Q. What are some practical things I can do to lower the cost of my homeowners insurance?
A. The best thing to do is to shop around. Quotes on homeowners insurance for the same coverage on the same home may vary by hundreds of dollars. When you comparison shop, ensure that each insurer is offering the same coverage.
You may also be able to lessen homeowners insurance costs through discounts. For example, many insurers offer price breaks if you buy both automobile and homeowners insurance with them. They may also offer discounts if there are deadbolt exterior locks on all your doors or if your home has a security system. Ask your agent if you can save premium dollars through any of these incentives.
Another easy way to reduce the cost of your homeowners insurance is to raise your deductible. Increasing your deductible to $500 or $1000 can lower your premium by as much as five or ten percent. However, keep in mind that you should have the financial resources necessary to pay the larger deductible if the need arises.
Q. What is homeowners insurance, and who should buy it?
A. Homeowners insurance is one of the most popular forms of personal insurance on the market today. The typical homeowners policy has two main sections. Section I covers the property of the insured, and Section II provides personal liability coverage to the insured.
Almost anyone who owns or leases property has a need for homeowners insurance. In fact, lenders often require that you have it to be eligible for a mortgage.
Q. What factors should I consider when purchasing homeowners insurance?
A. Here are things you should consider when you purchase homeowners insurance:
First, decide the amount and type of homeowners insurance, personal property insurance, and personal liability coverage that you need. If your policy limit is less than 100% of the replacement cost of your home and its contents, any loss payment from your insurance company may be subject to a coinsurance penalty.
Second, determine which (if any) additional coverage you want to add to your policy. For example, do you want the personal property replacement cost endorsement or the earthquake endorsement? Consider additional coverage for jewelry, furs, guns and computers.
Finally, once you have decided on the coverage you want from your homeowners insurance policy, choose which insurer you would like to provide your insurance. Bynum Insurance represents several companies and can help you find the right fit.
Q. Suppose I lend my car to a friend, is he/she covered under my automobile insurance policy?
A. Whenever you knowingly loan your car to someone, he or she is covered under your automobile insurance policy. Even if you do not give explicit permission each time a person borrows your car, that person is still covered under your automobile insurance policy as long as they had a reasonable belief you would have given them permission to drive the car.

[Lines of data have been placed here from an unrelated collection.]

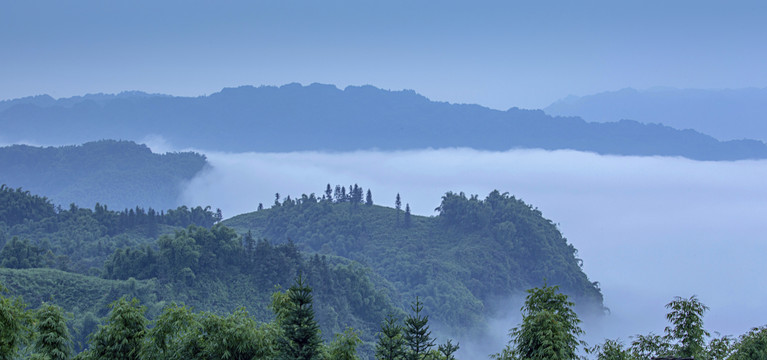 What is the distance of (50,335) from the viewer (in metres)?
23.9

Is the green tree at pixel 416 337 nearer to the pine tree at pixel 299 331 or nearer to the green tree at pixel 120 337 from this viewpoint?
the pine tree at pixel 299 331

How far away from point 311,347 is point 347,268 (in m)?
75.3

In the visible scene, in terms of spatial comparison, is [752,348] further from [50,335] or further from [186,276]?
[186,276]

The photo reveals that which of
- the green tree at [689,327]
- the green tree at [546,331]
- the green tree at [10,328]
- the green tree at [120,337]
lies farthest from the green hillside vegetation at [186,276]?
the green tree at [546,331]

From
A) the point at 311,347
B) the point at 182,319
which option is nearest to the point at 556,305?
the point at 311,347

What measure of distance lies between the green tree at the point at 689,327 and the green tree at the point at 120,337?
62.3ft

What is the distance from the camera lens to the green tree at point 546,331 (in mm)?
21781

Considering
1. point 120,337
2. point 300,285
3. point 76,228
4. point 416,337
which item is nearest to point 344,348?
point 416,337

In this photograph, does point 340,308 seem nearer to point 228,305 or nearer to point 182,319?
point 228,305

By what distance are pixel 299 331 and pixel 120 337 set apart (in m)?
6.18

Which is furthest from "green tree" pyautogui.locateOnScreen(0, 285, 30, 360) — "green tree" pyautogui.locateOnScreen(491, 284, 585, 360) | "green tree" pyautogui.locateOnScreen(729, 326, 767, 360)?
"green tree" pyautogui.locateOnScreen(729, 326, 767, 360)

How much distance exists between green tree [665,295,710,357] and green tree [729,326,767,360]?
1.30 metres

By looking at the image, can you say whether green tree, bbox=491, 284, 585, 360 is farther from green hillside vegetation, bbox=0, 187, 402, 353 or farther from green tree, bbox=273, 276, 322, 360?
green hillside vegetation, bbox=0, 187, 402, 353

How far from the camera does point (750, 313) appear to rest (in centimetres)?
19700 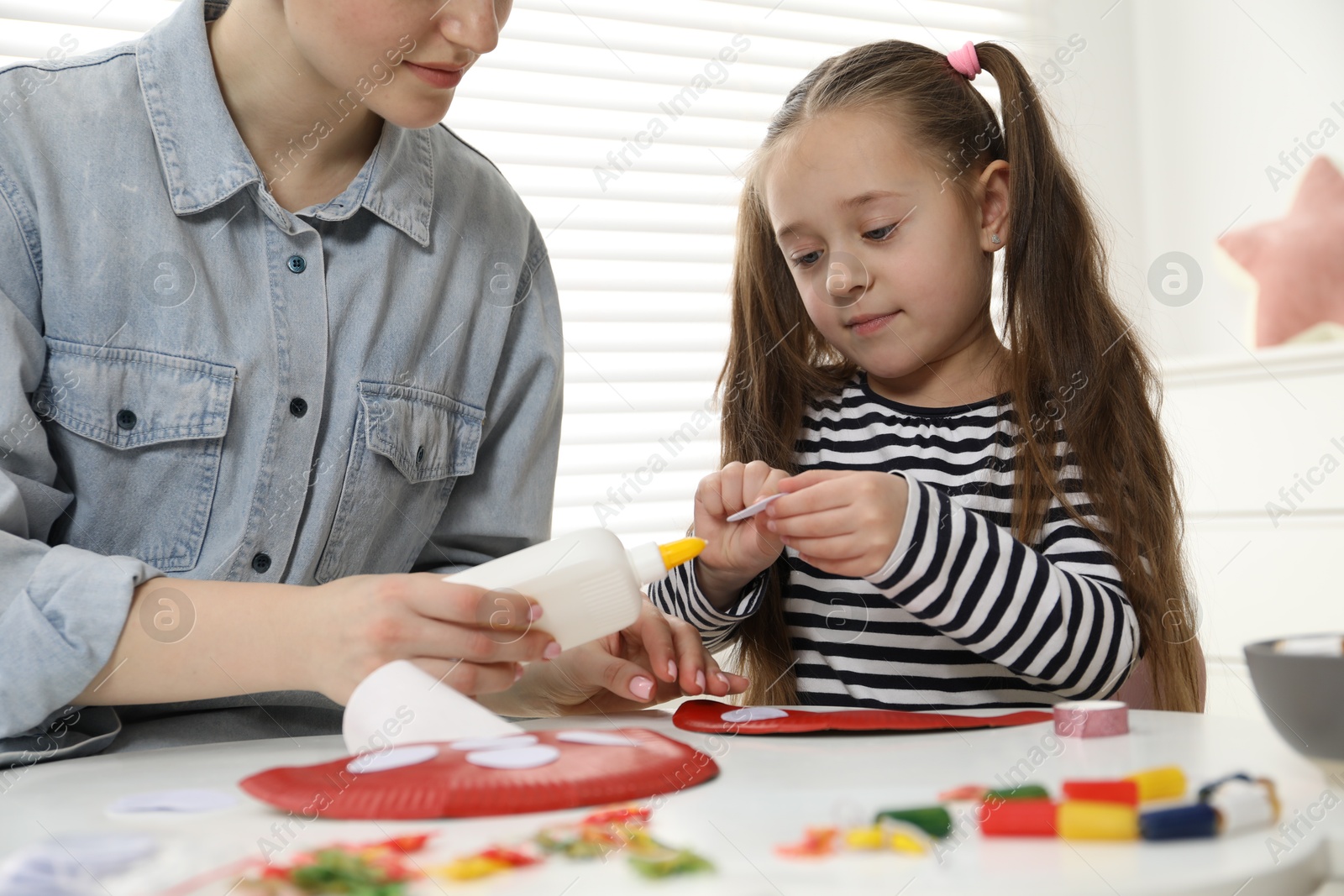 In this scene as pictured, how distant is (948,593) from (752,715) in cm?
17

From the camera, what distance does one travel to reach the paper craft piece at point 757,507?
0.74 m

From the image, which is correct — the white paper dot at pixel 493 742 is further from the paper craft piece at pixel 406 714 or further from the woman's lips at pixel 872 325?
the woman's lips at pixel 872 325

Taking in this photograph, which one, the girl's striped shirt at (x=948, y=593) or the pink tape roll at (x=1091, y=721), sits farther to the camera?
the girl's striped shirt at (x=948, y=593)

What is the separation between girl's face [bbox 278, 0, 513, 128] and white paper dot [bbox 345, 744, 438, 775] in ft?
1.56

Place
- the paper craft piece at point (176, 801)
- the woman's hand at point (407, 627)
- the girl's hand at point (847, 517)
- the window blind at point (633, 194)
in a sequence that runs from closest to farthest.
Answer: the paper craft piece at point (176, 801) < the woman's hand at point (407, 627) < the girl's hand at point (847, 517) < the window blind at point (633, 194)

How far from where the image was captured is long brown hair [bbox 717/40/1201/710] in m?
0.91

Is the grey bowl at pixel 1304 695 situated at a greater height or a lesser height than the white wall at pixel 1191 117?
lesser

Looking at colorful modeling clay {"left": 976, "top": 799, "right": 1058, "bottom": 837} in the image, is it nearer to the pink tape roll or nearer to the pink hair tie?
the pink tape roll

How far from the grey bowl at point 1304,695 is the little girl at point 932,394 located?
1.10 ft

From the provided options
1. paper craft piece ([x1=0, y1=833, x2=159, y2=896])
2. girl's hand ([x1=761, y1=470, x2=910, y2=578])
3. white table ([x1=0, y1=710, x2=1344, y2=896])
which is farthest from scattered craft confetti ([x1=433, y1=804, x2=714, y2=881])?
girl's hand ([x1=761, y1=470, x2=910, y2=578])

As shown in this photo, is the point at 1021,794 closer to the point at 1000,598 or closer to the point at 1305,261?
the point at 1000,598

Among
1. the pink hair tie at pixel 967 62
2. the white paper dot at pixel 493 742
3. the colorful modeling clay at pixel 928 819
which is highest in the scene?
the pink hair tie at pixel 967 62

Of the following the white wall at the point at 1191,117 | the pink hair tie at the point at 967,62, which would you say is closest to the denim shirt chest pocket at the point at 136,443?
the pink hair tie at the point at 967,62

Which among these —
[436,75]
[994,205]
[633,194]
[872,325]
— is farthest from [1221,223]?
[436,75] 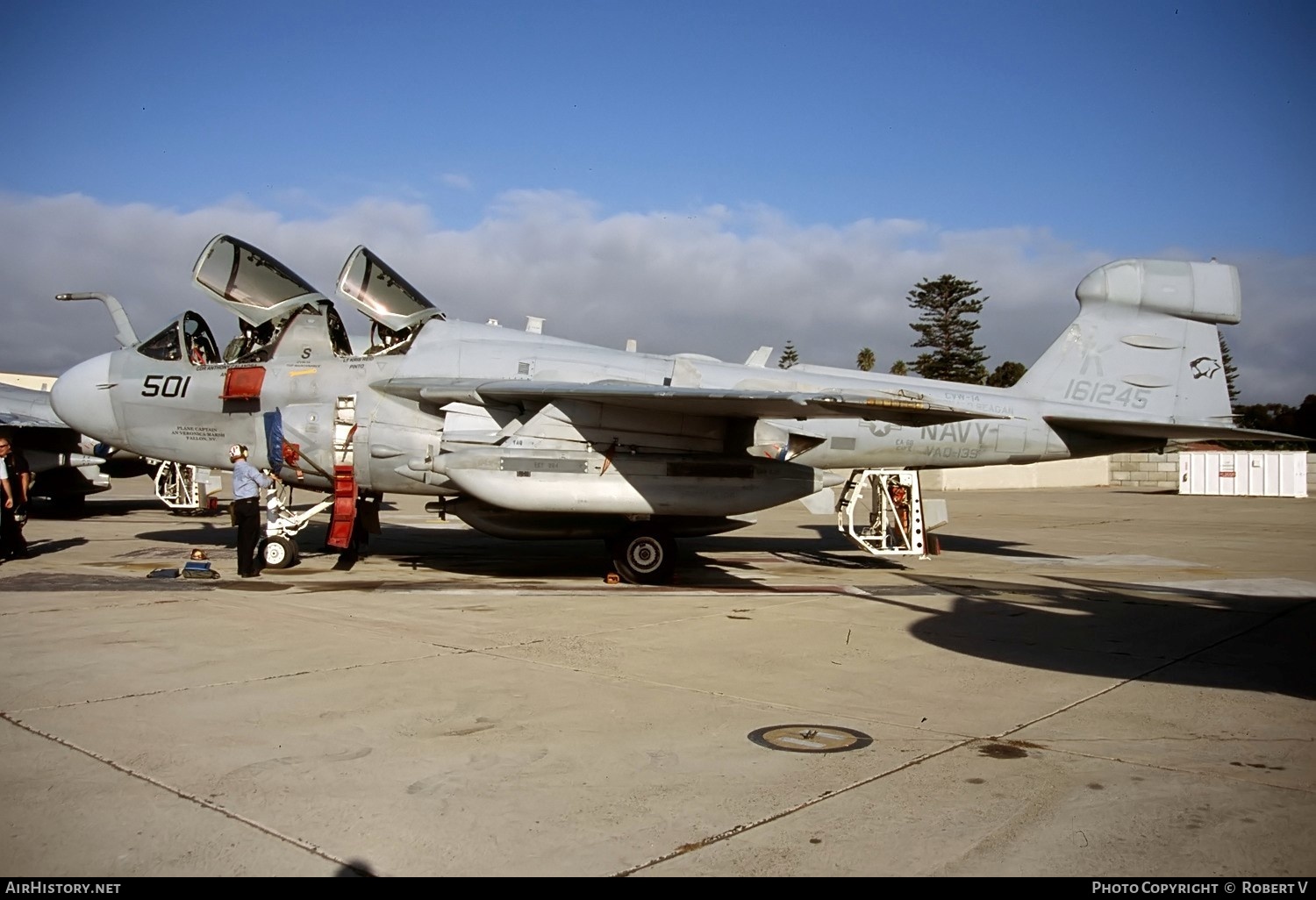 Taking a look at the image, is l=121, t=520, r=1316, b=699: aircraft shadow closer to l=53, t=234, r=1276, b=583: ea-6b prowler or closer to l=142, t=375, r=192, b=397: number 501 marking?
l=53, t=234, r=1276, b=583: ea-6b prowler

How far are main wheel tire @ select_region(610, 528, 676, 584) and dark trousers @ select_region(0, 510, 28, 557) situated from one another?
7.48m

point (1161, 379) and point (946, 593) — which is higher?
point (1161, 379)

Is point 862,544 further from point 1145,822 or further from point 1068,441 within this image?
point 1145,822

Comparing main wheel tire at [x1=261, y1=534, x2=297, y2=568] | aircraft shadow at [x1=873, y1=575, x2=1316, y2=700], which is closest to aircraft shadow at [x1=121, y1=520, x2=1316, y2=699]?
aircraft shadow at [x1=873, y1=575, x2=1316, y2=700]

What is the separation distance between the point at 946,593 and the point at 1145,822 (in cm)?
643

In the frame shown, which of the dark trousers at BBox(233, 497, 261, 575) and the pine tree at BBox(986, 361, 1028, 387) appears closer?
the dark trousers at BBox(233, 497, 261, 575)

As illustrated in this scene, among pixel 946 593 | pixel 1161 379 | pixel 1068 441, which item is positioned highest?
pixel 1161 379

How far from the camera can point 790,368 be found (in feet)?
41.9

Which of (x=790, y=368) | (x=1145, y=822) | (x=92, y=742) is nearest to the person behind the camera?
(x=1145, y=822)

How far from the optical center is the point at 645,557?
10789 mm

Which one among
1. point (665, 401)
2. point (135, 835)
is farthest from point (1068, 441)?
point (135, 835)

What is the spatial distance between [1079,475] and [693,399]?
4293 cm

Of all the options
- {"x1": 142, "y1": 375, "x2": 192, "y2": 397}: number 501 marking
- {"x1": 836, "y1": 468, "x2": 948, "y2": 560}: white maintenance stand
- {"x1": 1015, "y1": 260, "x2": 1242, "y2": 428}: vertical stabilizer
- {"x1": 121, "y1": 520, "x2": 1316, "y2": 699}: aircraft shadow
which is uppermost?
{"x1": 1015, "y1": 260, "x2": 1242, "y2": 428}: vertical stabilizer

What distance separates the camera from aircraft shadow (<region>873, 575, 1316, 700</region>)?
617cm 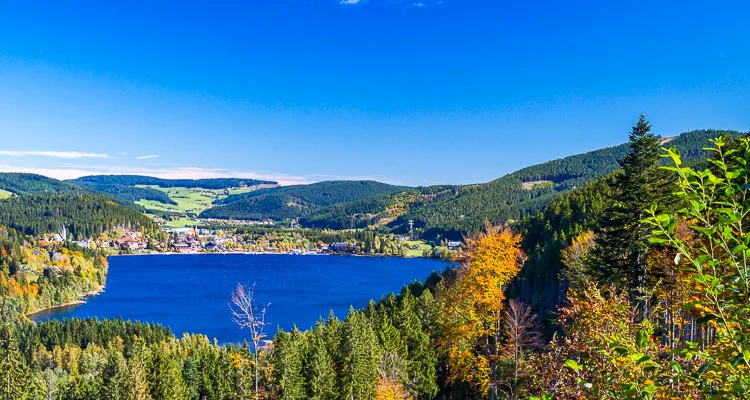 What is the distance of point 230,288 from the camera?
117m

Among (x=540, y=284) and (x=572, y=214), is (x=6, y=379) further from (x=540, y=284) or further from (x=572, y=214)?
(x=572, y=214)

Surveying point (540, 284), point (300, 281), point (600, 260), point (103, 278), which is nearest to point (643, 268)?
point (600, 260)

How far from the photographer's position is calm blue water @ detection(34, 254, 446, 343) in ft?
279

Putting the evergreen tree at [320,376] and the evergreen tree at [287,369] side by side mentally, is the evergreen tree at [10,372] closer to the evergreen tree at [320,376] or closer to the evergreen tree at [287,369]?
the evergreen tree at [287,369]

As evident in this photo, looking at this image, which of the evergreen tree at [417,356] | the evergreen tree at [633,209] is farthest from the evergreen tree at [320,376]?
the evergreen tree at [633,209]

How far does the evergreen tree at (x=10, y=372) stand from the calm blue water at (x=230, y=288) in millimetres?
35797

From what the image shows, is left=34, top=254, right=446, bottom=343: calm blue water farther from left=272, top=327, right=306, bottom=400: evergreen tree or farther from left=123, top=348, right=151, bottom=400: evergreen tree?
left=272, top=327, right=306, bottom=400: evergreen tree

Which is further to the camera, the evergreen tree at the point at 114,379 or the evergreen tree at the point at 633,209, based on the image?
the evergreen tree at the point at 114,379

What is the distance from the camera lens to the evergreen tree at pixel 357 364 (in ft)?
95.6

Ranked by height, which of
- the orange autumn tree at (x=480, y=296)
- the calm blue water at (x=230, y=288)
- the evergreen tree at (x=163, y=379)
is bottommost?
the calm blue water at (x=230, y=288)

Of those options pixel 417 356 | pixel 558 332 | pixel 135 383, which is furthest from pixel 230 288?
pixel 558 332

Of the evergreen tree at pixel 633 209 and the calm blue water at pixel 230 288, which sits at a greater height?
the evergreen tree at pixel 633 209

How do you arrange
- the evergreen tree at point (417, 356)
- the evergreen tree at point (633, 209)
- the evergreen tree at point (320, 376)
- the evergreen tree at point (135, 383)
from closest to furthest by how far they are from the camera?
the evergreen tree at point (633, 209), the evergreen tree at point (320, 376), the evergreen tree at point (135, 383), the evergreen tree at point (417, 356)

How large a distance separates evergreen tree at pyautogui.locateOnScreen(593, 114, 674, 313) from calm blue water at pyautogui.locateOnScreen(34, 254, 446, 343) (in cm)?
5932
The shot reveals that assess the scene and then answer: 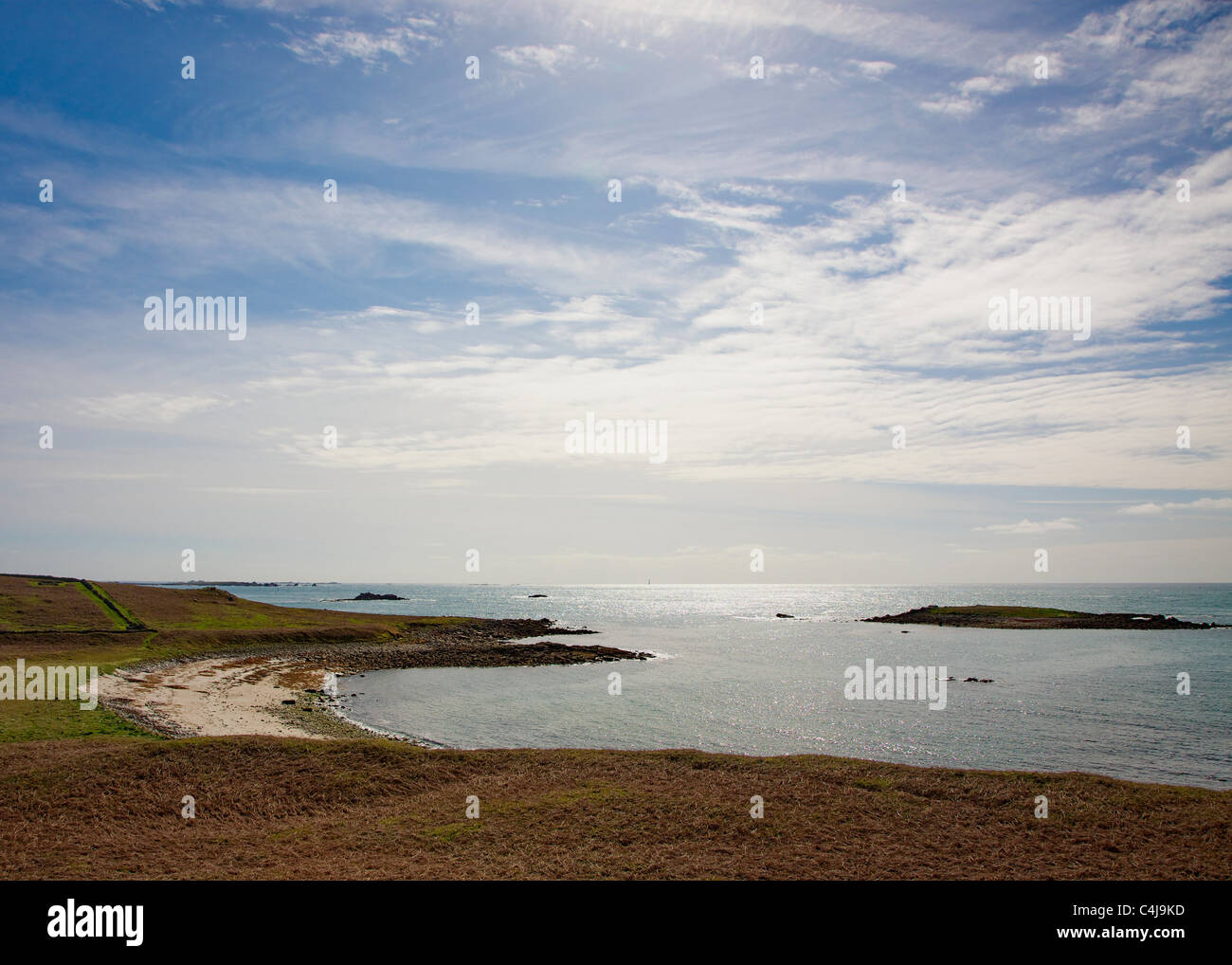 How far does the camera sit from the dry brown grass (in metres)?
15.8

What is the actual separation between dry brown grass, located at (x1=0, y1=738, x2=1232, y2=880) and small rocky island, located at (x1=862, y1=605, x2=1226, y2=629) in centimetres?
13210

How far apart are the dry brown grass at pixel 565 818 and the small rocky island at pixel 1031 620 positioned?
132 m

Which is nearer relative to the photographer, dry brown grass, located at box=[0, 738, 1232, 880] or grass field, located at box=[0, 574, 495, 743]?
dry brown grass, located at box=[0, 738, 1232, 880]

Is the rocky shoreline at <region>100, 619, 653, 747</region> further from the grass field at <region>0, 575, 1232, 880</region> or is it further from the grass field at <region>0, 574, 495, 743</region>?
the grass field at <region>0, 575, 1232, 880</region>

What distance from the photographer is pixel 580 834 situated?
58.2 feet

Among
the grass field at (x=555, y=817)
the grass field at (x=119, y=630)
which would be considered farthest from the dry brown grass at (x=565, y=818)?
the grass field at (x=119, y=630)

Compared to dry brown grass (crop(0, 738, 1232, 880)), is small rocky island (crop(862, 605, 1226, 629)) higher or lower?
lower

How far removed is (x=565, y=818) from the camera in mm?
19016

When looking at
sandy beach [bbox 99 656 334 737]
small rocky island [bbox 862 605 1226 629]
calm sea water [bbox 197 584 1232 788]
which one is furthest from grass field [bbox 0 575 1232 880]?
small rocky island [bbox 862 605 1226 629]

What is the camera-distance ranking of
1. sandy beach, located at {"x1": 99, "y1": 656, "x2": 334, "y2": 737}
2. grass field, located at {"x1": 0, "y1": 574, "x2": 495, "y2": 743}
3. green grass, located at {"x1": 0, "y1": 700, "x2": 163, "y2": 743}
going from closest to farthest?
green grass, located at {"x1": 0, "y1": 700, "x2": 163, "y2": 743}
grass field, located at {"x1": 0, "y1": 574, "x2": 495, "y2": 743}
sandy beach, located at {"x1": 99, "y1": 656, "x2": 334, "y2": 737}

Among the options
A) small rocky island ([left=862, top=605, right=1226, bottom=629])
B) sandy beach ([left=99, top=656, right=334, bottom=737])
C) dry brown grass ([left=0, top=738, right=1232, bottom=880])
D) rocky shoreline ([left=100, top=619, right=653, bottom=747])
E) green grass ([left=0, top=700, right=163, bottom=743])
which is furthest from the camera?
small rocky island ([left=862, top=605, right=1226, bottom=629])

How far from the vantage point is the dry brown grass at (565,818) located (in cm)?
1580

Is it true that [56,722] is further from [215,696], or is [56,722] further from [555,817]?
[555,817] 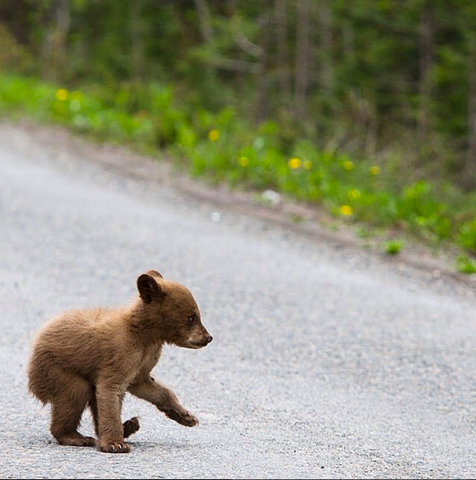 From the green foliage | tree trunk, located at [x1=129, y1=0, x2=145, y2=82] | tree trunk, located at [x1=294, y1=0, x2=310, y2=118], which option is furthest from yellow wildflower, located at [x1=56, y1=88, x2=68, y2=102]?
the green foliage

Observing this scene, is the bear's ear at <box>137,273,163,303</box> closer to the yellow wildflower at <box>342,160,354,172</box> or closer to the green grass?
the green grass

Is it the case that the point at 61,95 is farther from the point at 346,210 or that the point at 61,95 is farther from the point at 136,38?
the point at 136,38

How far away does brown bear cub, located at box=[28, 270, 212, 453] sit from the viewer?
13.3ft

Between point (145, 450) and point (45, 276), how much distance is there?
12.0ft

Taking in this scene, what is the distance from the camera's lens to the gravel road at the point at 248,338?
13.7 ft

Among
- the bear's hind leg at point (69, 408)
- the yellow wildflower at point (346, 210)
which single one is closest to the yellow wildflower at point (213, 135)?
the yellow wildflower at point (346, 210)

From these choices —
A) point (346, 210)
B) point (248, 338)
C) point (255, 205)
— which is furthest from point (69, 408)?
point (255, 205)

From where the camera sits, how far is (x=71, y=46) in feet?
92.9

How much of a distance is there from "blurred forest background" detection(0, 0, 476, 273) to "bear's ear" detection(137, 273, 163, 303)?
4.64 meters

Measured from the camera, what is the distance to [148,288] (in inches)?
166

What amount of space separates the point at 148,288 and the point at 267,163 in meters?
7.09

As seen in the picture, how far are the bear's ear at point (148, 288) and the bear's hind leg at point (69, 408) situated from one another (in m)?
0.49

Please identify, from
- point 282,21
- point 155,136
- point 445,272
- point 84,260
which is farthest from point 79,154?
point 282,21

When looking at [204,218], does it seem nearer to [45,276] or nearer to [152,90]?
[45,276] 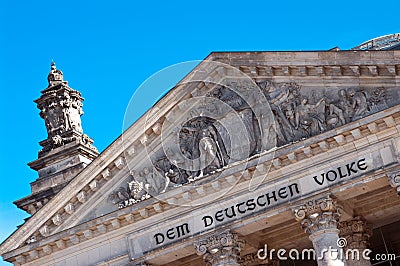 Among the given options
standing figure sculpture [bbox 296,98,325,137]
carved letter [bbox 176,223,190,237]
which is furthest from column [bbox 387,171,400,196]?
carved letter [bbox 176,223,190,237]

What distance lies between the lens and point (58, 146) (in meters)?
39.7

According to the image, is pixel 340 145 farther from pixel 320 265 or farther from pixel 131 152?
pixel 131 152

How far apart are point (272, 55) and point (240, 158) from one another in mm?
3481

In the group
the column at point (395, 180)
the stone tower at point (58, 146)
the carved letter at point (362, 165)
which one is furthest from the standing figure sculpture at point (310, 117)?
the stone tower at point (58, 146)

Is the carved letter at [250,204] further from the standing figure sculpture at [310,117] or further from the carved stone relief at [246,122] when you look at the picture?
the standing figure sculpture at [310,117]

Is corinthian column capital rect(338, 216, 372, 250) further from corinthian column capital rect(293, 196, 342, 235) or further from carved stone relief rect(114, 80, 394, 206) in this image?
carved stone relief rect(114, 80, 394, 206)

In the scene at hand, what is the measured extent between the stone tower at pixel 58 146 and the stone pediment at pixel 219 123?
4.69 m

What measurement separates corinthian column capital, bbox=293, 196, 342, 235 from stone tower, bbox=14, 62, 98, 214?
1190cm

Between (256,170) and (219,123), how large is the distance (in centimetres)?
240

Q. I have an older car whose current market value is very low. Do I really need to purchase automobi
A. Most states (including South Carolina) require that drivers have at least some automobile liability insurance. These compulsory insurance laws were enacted to ensure compensation of automobile accident victims for losses caused by negligent individuals.
Many people with older cars decide not to purchase physical damage coverage beyond the minimal liability coverage. Often, the cost of repairing the damages to an older car is greater than its value. In these cases, your insurer will usually just "total" the car and give you a check for the car's market value less the deductible.